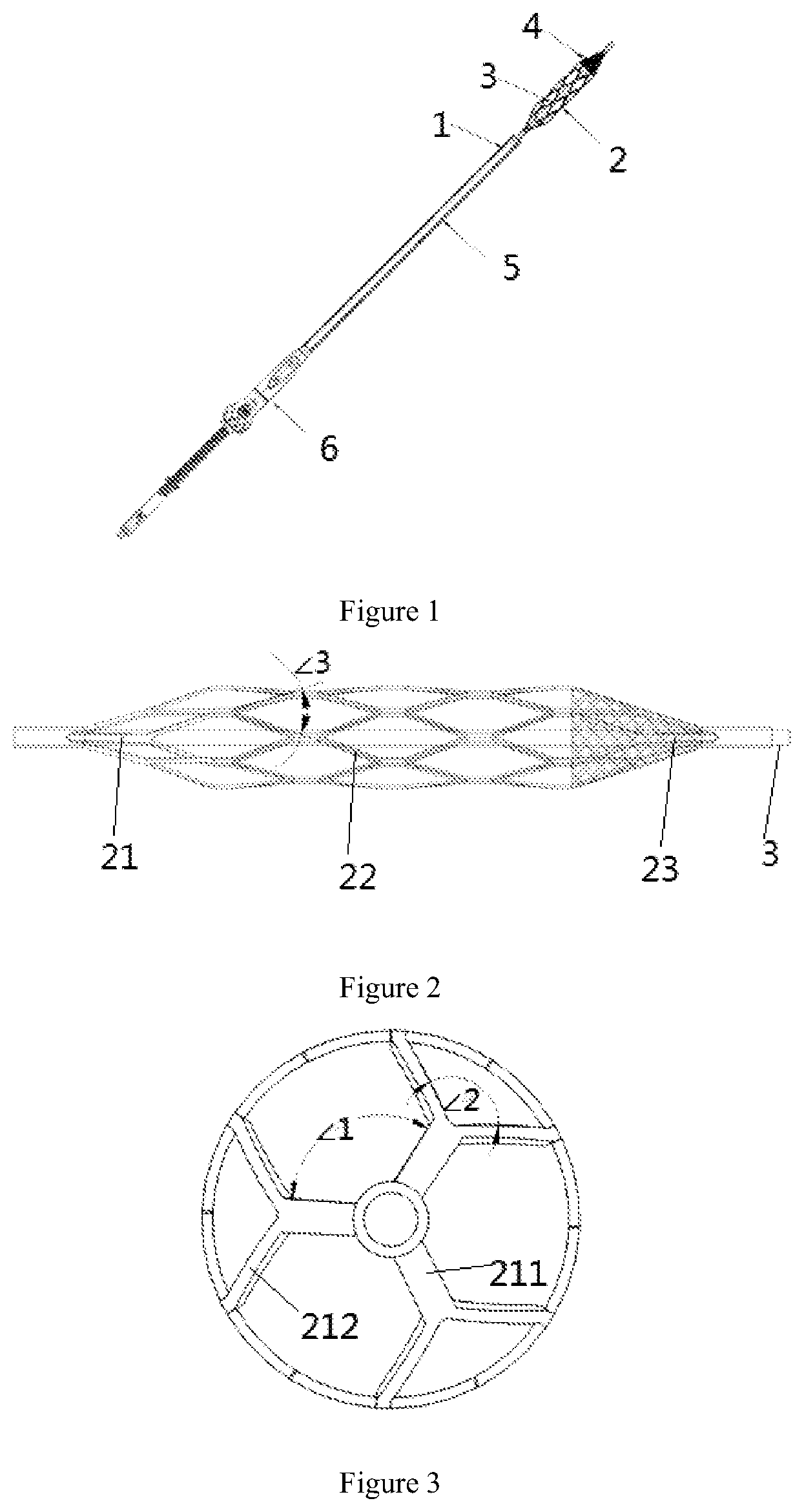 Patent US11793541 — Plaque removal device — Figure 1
━━━━━━━━━━━━━━━━
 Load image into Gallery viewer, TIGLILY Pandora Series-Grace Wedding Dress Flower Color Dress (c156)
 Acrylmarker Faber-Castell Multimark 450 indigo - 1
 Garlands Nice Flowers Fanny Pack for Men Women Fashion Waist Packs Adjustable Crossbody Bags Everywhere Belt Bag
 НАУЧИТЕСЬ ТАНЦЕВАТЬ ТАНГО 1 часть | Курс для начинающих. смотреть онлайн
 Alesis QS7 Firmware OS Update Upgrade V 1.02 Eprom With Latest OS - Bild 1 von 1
━━━━━━━━━━━━━━━━
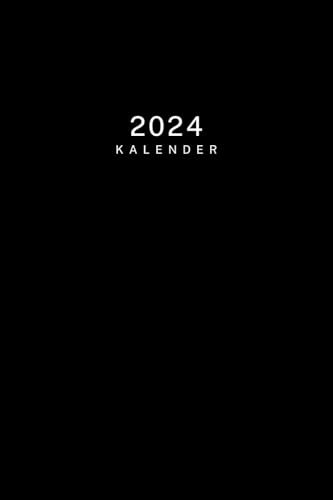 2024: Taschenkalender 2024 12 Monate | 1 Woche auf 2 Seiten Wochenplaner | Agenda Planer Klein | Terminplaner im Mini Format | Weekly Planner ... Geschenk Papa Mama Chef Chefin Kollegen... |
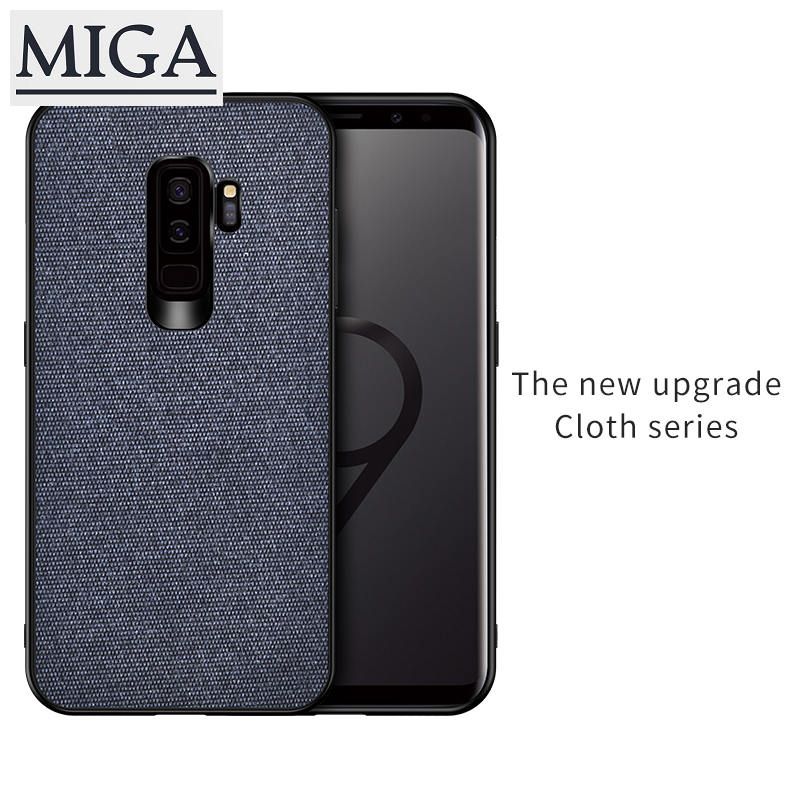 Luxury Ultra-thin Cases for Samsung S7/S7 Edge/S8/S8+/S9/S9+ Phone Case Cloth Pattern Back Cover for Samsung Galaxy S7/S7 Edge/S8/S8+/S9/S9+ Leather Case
━━━━━━━━━━━━━━━━
Required action: Retype, exactly and in full, the lines above from the one containing "НАУЧИТЕСЬ ТАНЦЕВАТЬ ТАНГО" through the one containing "Alesis QS7 Firmware".

Output of the exercise:
 НАУЧИТЕСЬ ТАНЦЕВАТЬ ТАНГО 1 часть | Курс для начинающих. смотреть онлайн
 Alesis QS7 Firmware OS Update Upgrade V 1.02 Eprom With Latest OS - Bild 1 von 1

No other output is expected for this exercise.